For many of us, the ability to get ourselves from point A to B is the epitome of freedom and independence. But as we age, decreased vision and hearing, slower reaction times and reduced ability to multitask can make it difficult to react appropriately to stimuli on the road; while neck, leg and arm stiffness and reduced strength can make it hard to break effectively, to manage the gas pedal and to manage the steering wheel. It’s no joke: statistics show that older adults have the highest mortality rate on Canadian roads than any other group.

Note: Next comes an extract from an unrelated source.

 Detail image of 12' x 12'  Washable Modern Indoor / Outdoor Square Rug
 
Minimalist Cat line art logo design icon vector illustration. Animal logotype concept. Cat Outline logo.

If you’ve noticed you’ve had increased driving citations, a lot of “close calls” on the road, or are having trouble remembering routes you have driven all of your life, it may be time to book a driving safety test with your doctor. Other signs it’s time to reevaluate your road safety include difficulty seeing traffic lights and street signs and hearing emergency sirens and car horns, getting flustered easily behind the wheel and receiving feedback from concerned friends and family.

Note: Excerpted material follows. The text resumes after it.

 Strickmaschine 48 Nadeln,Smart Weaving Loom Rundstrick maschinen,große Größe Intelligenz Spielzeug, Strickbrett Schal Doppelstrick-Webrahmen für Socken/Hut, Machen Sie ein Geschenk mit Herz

If you get an ‘okay’ to continue driving after you are assessed by a physician, it may still be a good idea for you to take a refresher driving course geared to older adults, which can teach you how to make adjustments to your driving technique so you can feel more confident on the road. The Canadian Safety Council offers a 55 Alive Refresher Course. Here, adults over 55 will receive updates about current road laws and new technology, will learn to anticipate the actions of other drivers and will be able to share their concerns in a safe environment. https://canadasafetycouncil.org/product/55-alive-driver-refresher-course/
In the meantime, a few adjustments to your driving behavior, such as avoiding driving at night and in bad weather, avoiding freeways when possible and planning your route before you head out can help you stay safe on the road.